# How to call a raccoon?



## El Gato Loco

I am curious how you all call up the raccoons. Somehow, I ended up with a Primos raccoon squaller on my lanyard, but i've never tried calling raccoons, and not sure how best to approach it.

This is what I have... what kinda sounds should I be trying to make with it?

https://shop.primos.com/pc-490-24-raccoon-squaller.aspx









Any tips for a new guy? Thanks in advance!


----------



## FoxSniper

Seems like alot of the mouth calls are a squall, it's gets their attention

Trapper and Predator Caller - Mouth Calls Will Work for ?raccoons, But Be Wary


----------



## FoxSniper

I found this online might help you out...
http://www.western-rivers.com/downloads/Raccoon Chattering 2.mp3
http://www.western-rivers.com/downloads/Raccoon Squall (Young).mp3


----------



## chuck richards

My MIL has developed a great method of calling raccoons. SHe feeds cat on her back porch and has a healthy raccoon population.
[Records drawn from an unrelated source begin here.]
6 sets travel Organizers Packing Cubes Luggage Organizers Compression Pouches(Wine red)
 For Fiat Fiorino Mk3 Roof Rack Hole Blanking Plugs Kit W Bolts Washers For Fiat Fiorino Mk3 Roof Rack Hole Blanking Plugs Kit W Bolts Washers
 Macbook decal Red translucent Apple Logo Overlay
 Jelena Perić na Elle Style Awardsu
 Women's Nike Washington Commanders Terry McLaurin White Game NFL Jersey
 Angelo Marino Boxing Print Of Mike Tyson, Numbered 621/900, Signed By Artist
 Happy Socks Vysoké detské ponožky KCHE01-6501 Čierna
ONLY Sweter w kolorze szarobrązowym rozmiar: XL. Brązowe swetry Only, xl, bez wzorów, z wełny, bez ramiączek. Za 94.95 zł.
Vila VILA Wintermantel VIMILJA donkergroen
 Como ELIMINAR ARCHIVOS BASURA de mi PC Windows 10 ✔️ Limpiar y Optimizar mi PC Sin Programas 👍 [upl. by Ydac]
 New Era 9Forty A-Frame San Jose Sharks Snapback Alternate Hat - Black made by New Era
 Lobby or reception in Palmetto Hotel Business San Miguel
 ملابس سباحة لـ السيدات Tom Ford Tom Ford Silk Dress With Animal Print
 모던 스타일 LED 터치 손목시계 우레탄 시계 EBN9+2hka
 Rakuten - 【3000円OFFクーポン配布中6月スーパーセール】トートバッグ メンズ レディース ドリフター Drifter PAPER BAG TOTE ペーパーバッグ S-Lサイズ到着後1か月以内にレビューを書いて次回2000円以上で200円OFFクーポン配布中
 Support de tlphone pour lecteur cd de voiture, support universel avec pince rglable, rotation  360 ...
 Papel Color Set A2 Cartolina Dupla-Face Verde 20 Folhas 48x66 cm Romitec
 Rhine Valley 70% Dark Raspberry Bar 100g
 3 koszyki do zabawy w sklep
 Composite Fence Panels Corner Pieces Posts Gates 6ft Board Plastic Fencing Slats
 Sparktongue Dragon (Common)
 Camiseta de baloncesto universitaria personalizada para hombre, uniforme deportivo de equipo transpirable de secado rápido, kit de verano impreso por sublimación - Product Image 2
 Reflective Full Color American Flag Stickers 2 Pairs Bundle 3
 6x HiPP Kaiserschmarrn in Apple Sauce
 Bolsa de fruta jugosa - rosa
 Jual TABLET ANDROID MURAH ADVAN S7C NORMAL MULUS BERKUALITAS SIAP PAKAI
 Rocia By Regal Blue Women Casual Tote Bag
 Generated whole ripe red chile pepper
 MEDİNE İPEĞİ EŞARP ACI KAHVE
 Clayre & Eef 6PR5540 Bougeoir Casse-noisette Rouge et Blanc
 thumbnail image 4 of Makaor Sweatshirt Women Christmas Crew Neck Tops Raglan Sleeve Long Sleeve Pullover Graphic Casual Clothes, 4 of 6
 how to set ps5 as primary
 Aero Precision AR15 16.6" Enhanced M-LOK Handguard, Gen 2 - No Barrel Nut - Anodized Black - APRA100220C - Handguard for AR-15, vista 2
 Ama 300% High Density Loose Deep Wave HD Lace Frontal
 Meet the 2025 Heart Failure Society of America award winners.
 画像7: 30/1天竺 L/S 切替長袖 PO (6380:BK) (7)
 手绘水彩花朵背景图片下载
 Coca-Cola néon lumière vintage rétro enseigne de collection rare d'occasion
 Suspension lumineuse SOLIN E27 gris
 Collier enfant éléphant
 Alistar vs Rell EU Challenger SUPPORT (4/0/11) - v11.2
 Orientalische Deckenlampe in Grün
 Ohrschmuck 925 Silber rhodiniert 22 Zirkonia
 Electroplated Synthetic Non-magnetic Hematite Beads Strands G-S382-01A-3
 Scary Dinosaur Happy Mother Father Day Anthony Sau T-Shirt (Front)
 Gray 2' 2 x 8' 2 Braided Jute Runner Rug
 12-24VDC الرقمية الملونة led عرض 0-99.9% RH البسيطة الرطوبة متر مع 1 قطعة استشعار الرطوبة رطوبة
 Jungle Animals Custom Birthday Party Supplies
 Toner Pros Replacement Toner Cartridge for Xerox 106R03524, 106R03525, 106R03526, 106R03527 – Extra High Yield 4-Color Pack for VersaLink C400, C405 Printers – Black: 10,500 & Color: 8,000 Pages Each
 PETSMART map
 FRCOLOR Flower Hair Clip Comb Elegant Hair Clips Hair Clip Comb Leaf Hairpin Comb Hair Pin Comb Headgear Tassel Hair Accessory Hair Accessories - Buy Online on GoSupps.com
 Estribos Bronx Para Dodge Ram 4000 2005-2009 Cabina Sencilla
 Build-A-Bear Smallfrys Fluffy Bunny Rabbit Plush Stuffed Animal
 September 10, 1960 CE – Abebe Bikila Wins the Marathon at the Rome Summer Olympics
Every time she goes out and calls here kitty kitty the raccoons come running.


----------



## IBGunner

I use a Western Rivers Cassette player with several fighting raccoon and raccoon puppies tapes. It is very effective in woods and around farmsteads. I play it loud near where I believe raccoons are denning. They will flush and try to move out when confronted by fighting sounds.


----------



## coyotesniper

What are some good mouth calls for raccoon?


----------



## mjllag

I use a raccoon squaller to get raccoons to look when they are treed by my dogs. I have never tried to call in a raccoon with the squaller. To blow the call just roll your tongue while blowing. This sounds mimics raccoons fighting/breeding i think.


----------



## wilded

A raccoon squaller is not a raccoon call but is mostly to get them to look at you when they are in a tree. The best hand call for raccoons is the Burham Brothers blue raccoon call in my opinion. I have called hundreds though out the years with that call. It makes the sound of a shore bird in distress but you must trill it with your tongue. You can also trill a high pitched closed reed call to make a bird in ditress sound. I have also had success with E callers with the raccoon kittens or baby raccoon in distress sound. JMHO ET


----------



## baddog

You could go to FOXPRO, Inc. - High Performance Game Calls. and listen to there sound preview to get an idea what it sound like.


----------



## herbie57_57

I use my squaller when I'm hunting with hounds to try and help find the raccoon in the tree. The best way I've found to call them without using dogs is to use a raccoon puppies sound. Dennis Kirk has a couple great cassettes and Fox Pro has some digital sounds. Find a den tree set up your caller and start watching holes if their there you'll find out pretty quick. It best to use a .22 mag or .17 mag when calling this way it will put them down if you hit them. A regular .22 doesn't hit hard enough and they can get back to there hole and die inside the tree.


----------